### WORK ORDER:
Only the lines from the one containing "ЖК Yangi Chosh" to the end of the data below belong in the answer, each repeated exactly; no pictures.

### DATA SEGMENT:
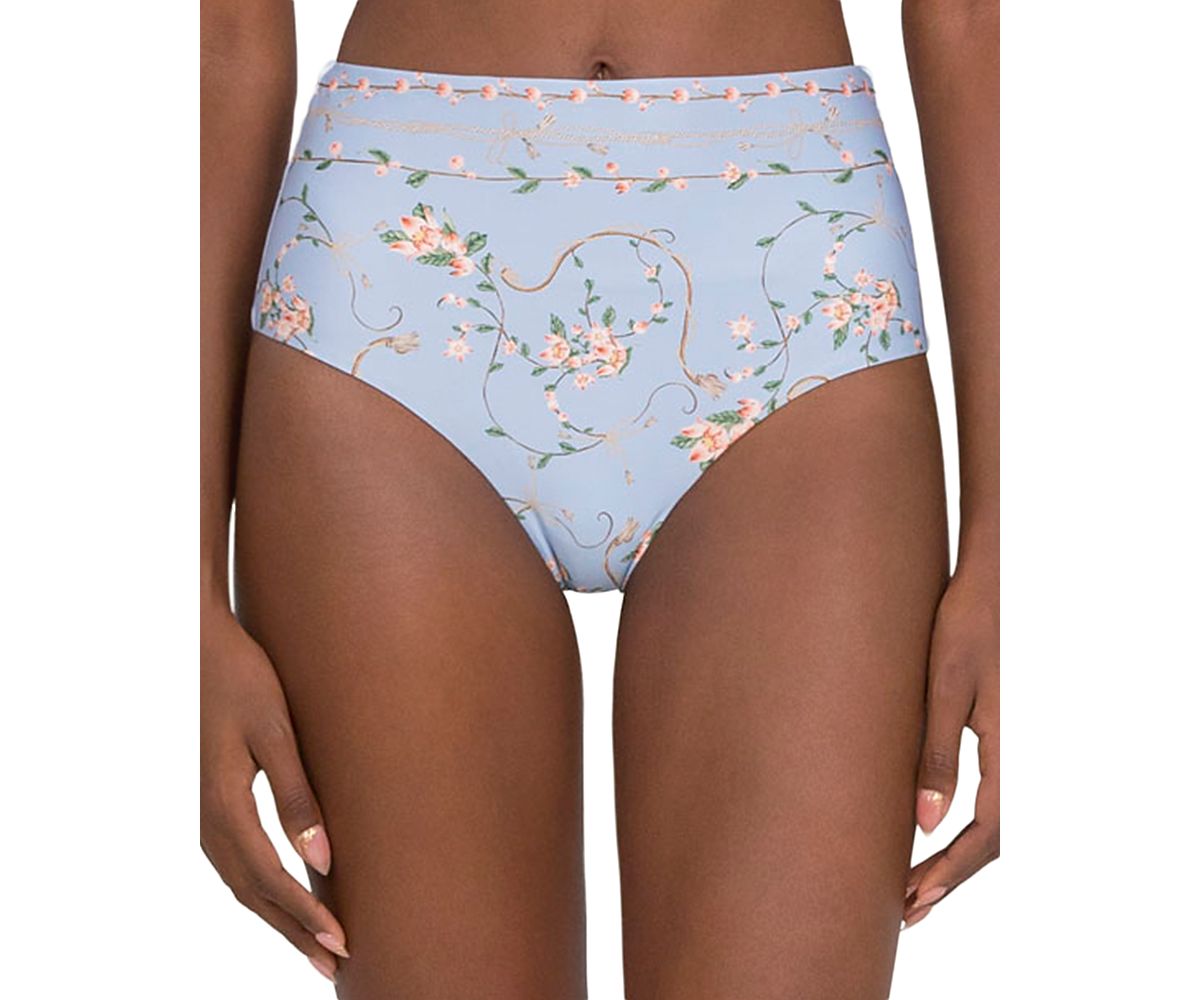 Agua by Agua Bendita Magenta Navegante Bikini Bottom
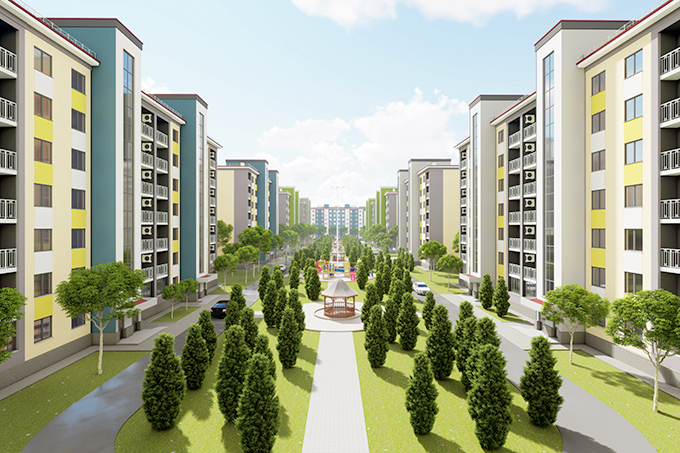 ЖК Yangi Chosh Tepa предлагает уютные квартиры с готовым ремонтом в рассрочку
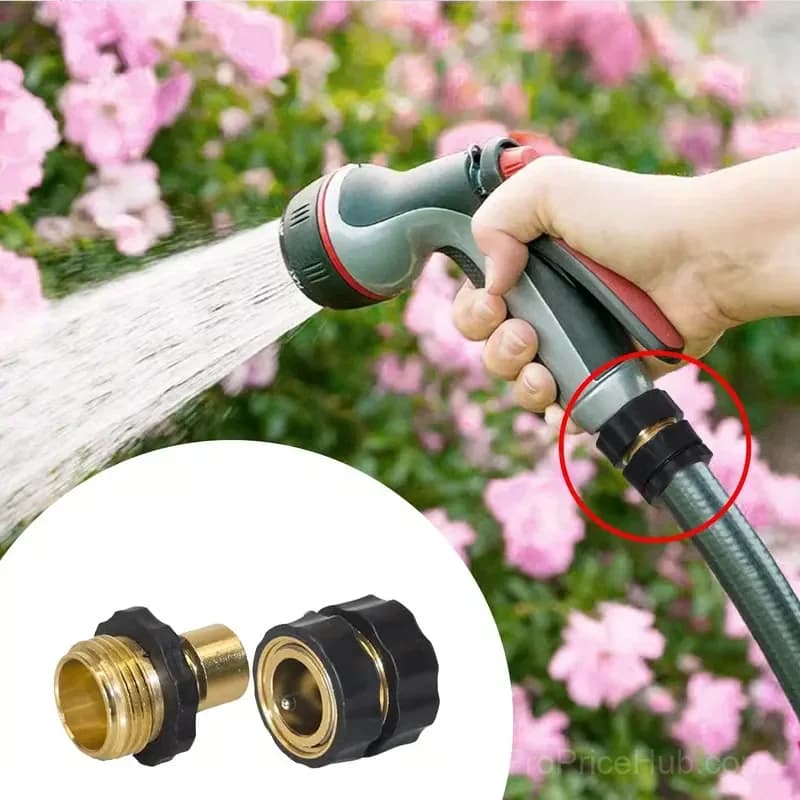 Hourleey Garden Hose Quick Connectors, 2 Sets Male & Female - View 8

### REPLY:
 ЖК Yangi Chosh Tepa предлагает уютные квартиры с готовым ремонтом в рассрочку
 Hourleey Garden Hose Quick Connectors, 2 Sets Male & Female - View 8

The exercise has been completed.